My problem is that, even though the linear regression is significative (p-value<0.05), I can't technically use it, as it is a parametric alternative and the application condition on my residus are not respected. For each of my treatments, I performed Durbin-Watson test, Goldfeld-Quandt (for linear regressions) and Shapiro-Wilks and I've got p-values<0.05 for some of them, sometimes all of them (depending on the treatment). I've tried all the transformations I could think off (log10, square root, double square root, square, inverse), and the problem remains. It doesn't seem there are outliers in my dataset either.

So here are my specific questions:

  1. Is there another way I can make this work with linear regression? Can I still use that that function (my data set is small and it might explain why is the application conditions are not verified on the residues)?
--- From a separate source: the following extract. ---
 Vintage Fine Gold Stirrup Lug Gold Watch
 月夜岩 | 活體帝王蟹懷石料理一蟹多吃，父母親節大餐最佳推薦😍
  2. What would be a good non parametric alternative? I've been exploring Spearman correlation, but even with the "conf.level = 0.95" command, I don't get an error so I can't perform the t-tests. I'm glad to know there is a great correlation between my quantitative variables, but that's something I already know. Is there a way I can compare Spearman correlations?

  3. Is there a third option? I'm currently trying the Poisson regression, as my data is not continuous (there are clusters along the regressions, see figure) but it seems I get a lot of warnings when I apply it to my data and I'm not sure why.

I'm a beginner with both R and statistics, so thank you for your understanding and thank you for your help :)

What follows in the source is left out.